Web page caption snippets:
--------------------

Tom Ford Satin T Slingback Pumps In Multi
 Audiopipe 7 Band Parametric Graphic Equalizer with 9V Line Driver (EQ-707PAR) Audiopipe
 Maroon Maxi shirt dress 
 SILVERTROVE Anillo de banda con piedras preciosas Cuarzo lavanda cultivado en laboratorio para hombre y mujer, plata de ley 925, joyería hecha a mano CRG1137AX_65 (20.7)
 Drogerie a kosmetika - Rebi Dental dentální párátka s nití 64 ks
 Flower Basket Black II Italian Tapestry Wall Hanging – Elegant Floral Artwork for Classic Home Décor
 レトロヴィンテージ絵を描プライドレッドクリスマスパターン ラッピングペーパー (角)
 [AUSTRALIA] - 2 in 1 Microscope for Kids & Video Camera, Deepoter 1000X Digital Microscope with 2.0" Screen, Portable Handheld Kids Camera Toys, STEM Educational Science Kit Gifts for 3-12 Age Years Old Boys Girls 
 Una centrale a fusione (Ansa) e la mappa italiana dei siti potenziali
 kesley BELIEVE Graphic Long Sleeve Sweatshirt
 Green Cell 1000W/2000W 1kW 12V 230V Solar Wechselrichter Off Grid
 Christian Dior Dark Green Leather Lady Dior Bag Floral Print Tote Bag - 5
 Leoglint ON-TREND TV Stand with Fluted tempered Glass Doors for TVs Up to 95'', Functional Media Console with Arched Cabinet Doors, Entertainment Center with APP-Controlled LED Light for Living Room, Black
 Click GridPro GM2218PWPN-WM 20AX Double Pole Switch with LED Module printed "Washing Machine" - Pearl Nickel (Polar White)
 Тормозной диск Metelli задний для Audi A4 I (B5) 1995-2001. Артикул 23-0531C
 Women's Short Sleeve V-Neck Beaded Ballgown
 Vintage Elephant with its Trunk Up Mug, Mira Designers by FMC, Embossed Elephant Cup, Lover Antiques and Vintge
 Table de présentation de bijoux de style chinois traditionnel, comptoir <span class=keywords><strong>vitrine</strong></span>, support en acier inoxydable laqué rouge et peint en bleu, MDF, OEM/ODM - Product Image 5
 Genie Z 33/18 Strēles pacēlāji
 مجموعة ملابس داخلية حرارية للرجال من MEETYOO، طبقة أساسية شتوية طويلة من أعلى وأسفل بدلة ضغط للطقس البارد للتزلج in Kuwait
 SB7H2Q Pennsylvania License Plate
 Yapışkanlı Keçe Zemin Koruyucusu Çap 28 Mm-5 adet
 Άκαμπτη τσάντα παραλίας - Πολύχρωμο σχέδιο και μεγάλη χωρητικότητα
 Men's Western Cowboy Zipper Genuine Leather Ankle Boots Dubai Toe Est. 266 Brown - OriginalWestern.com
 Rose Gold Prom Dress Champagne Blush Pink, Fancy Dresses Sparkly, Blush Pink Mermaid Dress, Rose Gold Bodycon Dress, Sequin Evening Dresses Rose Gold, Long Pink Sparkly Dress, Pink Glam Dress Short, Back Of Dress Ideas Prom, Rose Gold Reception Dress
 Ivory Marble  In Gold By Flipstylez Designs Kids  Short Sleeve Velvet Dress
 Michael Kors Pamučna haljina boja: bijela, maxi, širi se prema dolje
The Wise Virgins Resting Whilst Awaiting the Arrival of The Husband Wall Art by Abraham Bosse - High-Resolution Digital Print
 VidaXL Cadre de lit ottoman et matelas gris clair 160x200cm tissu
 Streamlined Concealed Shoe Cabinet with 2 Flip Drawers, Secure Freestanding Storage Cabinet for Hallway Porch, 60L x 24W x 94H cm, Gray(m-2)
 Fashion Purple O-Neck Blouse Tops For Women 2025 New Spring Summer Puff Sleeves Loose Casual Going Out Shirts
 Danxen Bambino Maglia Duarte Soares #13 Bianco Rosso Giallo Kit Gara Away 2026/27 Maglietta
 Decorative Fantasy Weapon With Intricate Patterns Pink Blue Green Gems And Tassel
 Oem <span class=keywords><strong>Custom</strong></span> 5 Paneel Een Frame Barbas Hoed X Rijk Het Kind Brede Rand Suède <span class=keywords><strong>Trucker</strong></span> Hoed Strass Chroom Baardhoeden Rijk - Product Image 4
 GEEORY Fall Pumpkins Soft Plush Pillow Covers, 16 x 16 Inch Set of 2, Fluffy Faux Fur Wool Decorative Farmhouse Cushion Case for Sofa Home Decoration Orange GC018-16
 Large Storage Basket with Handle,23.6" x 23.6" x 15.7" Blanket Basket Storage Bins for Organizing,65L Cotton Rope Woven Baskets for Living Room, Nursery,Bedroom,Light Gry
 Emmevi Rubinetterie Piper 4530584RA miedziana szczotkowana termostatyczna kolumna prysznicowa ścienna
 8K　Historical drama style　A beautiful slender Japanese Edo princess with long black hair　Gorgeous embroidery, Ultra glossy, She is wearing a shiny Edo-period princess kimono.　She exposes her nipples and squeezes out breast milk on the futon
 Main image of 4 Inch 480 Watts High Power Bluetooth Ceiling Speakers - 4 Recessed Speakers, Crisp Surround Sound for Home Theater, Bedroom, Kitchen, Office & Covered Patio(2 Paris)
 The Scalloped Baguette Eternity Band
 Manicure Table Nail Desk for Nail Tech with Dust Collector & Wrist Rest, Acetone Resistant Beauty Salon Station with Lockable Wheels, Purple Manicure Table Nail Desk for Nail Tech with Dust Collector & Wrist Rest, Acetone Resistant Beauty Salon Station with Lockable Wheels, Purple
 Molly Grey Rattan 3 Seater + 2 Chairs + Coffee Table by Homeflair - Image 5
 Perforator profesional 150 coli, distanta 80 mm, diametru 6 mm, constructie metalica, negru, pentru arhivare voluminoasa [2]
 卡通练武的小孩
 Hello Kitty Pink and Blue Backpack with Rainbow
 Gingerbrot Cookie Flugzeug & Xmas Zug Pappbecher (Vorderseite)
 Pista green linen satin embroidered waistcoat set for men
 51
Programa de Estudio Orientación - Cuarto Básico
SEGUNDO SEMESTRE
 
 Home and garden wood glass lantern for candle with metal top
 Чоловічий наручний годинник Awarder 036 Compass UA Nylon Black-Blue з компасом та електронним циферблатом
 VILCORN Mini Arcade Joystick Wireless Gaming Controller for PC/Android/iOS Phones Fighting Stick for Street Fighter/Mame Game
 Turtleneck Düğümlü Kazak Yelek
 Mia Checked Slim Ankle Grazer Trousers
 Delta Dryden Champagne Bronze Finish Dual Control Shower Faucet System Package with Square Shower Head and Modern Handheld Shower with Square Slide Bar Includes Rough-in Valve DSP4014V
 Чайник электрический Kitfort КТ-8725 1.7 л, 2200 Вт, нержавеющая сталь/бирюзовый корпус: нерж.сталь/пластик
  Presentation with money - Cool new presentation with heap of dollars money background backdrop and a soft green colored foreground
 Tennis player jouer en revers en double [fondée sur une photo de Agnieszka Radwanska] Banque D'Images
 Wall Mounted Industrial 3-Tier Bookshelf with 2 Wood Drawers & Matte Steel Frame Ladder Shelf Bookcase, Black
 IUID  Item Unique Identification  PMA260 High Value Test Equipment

--------------------

TASK STATEMENT – The answer must reproduce all of the entries exactly.

RESPONSE TO THIS EXERCISE –
Tom Ford Satin T Slingback Pumps In Multi
 Audiopipe 7 Band Parametric Graphic Equalizer with 9V Line Driver (EQ-707PAR) Audiopipe
 Maroon Maxi shirt dress 
 SILVERTROVE Anillo de banda con piedras preciosas Cuarzo lavanda cultivado en laboratorio para hombre y mujer, plata de ley 925, joyería hecha a mano CRG1137AX_65 (20.7)
 Drogerie a kosmetika - Rebi Dental dentální párátka s nití 64 ks
 Flower Basket Black II Italian Tapestry Wall Hanging – Elegant Floral Artwork for Classic Home Décor
 レトロヴィンテージ絵を描プライドレッドクリスマスパターン ラッピングペーパー (角)
 [AUSTRALIA] - 2 in 1 Microscope for Kids & Video Camera, Deepoter 1000X Digital Microscope with 2.0" Screen, Portable Handheld Kids Camera Toys, STEM Educational Science Kit Gifts for 3-12 Age Years Old Boys Girls 
 Una centrale a fusione (Ansa) e la mappa italiana dei siti potenziali
 kesley BELIEVE Graphic Long Sleeve Sweatshirt
 Green Cell 1000W/2000W 1kW 12V 230V Solar Wechselrichter Off Grid
 Christian Dior Dark Green Leather Lady Dior Bag Floral Print Tote Bag - 5
 Leoglint ON-TREND TV Stand with Fluted tempered Glass Doors for TVs Up to 95'', Functional Media Console with Arched Cabinet Doors, Entertainment Center with APP-Controlled LED Light for Living Room, Black
 Click GridPro GM2218PWPN-WM 20AX Double Pole Switch with LED Module printed "Washing Machine" - Pearl Nickel (Polar White)
 Тормозной диск Metelli задний для Audi A4 I (B5) 1995-2001. Артикул 23-0531C
 Women's Short Sleeve V-Neck Beaded Ballgown
 Vintage Elephant with its Trunk Up Mug, Mira Designers by FMC, Embossed Elephant Cup, Lover Antiques and Vintge
 Table de présentation de bijoux de style chinois traditionnel, comptoir <span class=keywords><strong>vitrine</strong></span>, support en acier inoxydable laqué rouge et peint en bleu, MDF, OEM/ODM - Product Image 5
 Genie Z 33/18 Strēles pacēlāji
 مجموعة ملابس داخلية حرارية للرجال من MEETYOO، طبقة أساسية شتوية طويلة من أعلى وأسفل بدلة ضغط للطقس البارد للتزلج in Kuwait
 SB7H2Q Pennsylvania License Plate
 Yapışkanlı Keçe Zemin Koruyucusu Çap 28 Mm-5 adet
 Άκαμπτη τσάντα παραλίας - Πολύχρωμο σχέδιο και μεγάλη χωρητικότητα
 Men's Western Cowboy Zipper Genuine Leather Ankle Boots Dubai Toe Est. 266 Brown - OriginalWestern.com
 Rose Gold Prom Dress Champagne Blush Pink, Fancy Dresses Sparkly, Blush Pink Mermaid Dress, Rose Gold Bodycon Dress, Sequin Evening Dresses Rose Gold, Long Pink Sparkly Dress, Pink Glam Dress Short, Back Of Dress Ideas Prom, Rose Gold Reception Dress
 Ivory Marble  In Gold By Flipstylez Designs Kids  Short Sleeve Velvet Dress
 Michael Kors Pamučna haljina boja: bijela, maxi, širi se prema dolje
The Wise Virgins Resting Whilst Awaiting the Arrival of The Husband Wall Art by Abraham Bosse - High-Resolution Digital Print
 VidaXL Cadre de lit ottoman et matelas gris clair 160x200cm tissu
 Streamlined Concealed Shoe Cabinet with 2 Flip Drawers, Secure Freestanding Storage Cabinet for Hallway Porch, 60L x 24W x 94H cm, Gray(m-2)
 Fashion Purple O-Neck Blouse Tops For Women 2025 New Spring Summer Puff Sleeves Loose Casual Going Out Shirts
 Danxen Bambino Maglia Duarte Soares #13 Bianco Rosso Giallo Kit Gara Away 2026/27 Maglietta
 Decorative Fantasy Weapon With Intricate Patterns Pink Blue Green Gems And Tassel
 Oem <span class=keywords><strong>Custom</strong></span> 5 Paneel Een Frame Barbas Hoed X Rijk Het Kind Brede Rand Suède <span class=keywords><strong>Trucker</strong></span> Hoed Strass Chroom Baardhoeden Rijk - Product Image 4
 GEEORY Fall Pumpkins Soft Plush Pillow Covers, 16 x 16 Inch Set of 2, Fluffy Faux Fur Wool Decorative Farmhouse Cushion Case for Sofa Home Decoration Orange GC018-16
 Large Storage Basket with Handle,23.6" x 23.6" x 15.7" Blanket Basket Storage Bins for Organizing,65L Cotton Rope Woven Baskets for Living Room, Nursery,Bedroom,Light Gry
 Emmevi Rubinetterie Piper 4530584RA miedziana szczotkowana termostatyczna kolumna prysznicowa ścienna
 8K　Historical drama style　A beautiful slender Japanese Edo princess with long black hair　Gorgeous embroidery, Ultra glossy, She is wearing a shiny Edo-period princess kimono.　She exposes her nipples and squeezes out breast milk on the futon
 Main image of 4 Inch 480 Watts High Power Bluetooth Ceiling Speakers - 4 Recessed Speakers, Crisp Surround Sound for Home Theater, Bedroom, Kitchen, Office & Covered Patio(2 Paris)
 The Scalloped Baguette Eternity Band
 Manicure Table Nail Desk for Nail Tech with Dust Collector & Wrist Rest, Acetone Resistant Beauty Salon Station with Lockable Wheels, Purple Manicure Table Nail Desk for Nail Tech with Dust Collector & Wrist Rest, Acetone Resistant Beauty Salon Station with Lockable Wheels, Purple
 Molly Grey Rattan 3 Seater + 2 Chairs + Coffee Table by Homeflair - Image 5
 Perforator profesional 150 coli, distanta 80 mm, diametru 6 mm, constructie metalica, negru, pentru arhivare voluminoasa [2]
 卡通练武的小孩
 Hello Kitty Pink and Blue Backpack with Rainbow
 Gingerbrot Cookie Flugzeug & Xmas Zug Pappbecher (Vorderseite)
 Pista green linen satin embroidered waistcoat set for men
 51
Programa de Estudio Orientación - Cuarto Básico
SEGUNDO SEMESTRE
 
 Home and garden wood glass lantern for candle with metal top
 Чоловічий наручний годинник Awarder 036 Compass UA Nylon Black-Blue з компасом та електронним циферблатом
 VILCORN Mini Arcade Joystick Wireless Gaming Controller for PC/Android/iOS Phones Fighting Stick for Street Fighter/Mame Game
 Turtleneck Düğümlü Kazak Yelek
 Mia Checked Slim Ankle Grazer Trousers
 Delta Dryden Champagne Bronze Finish Dual Control Shower Faucet System Package with Square Shower Head and Modern Handheld Shower with Square Slide Bar Includes Rough-in Valve DSP4014V
 Чайник электрический Kitfort КТ-8725 1.7 л, 2200 Вт, нержавеющая сталь/бирюзовый корпус: нерж.сталь/пластик
  Presentation with money - Cool new presentation with heap of dollars money background backdrop and a soft green colored foreground
 Tennis player jouer en revers en double [fondée sur une photo de Agnieszka Radwanska] Banque D'Images
 Wall Mounted Industrial 3-Tier Bookshelf with 2 Wood Drawers & Matte Steel Frame Ladder Shelf Bookcase, Black
 IUID  Item Unique Identification  PMA260 High Value Test Equipment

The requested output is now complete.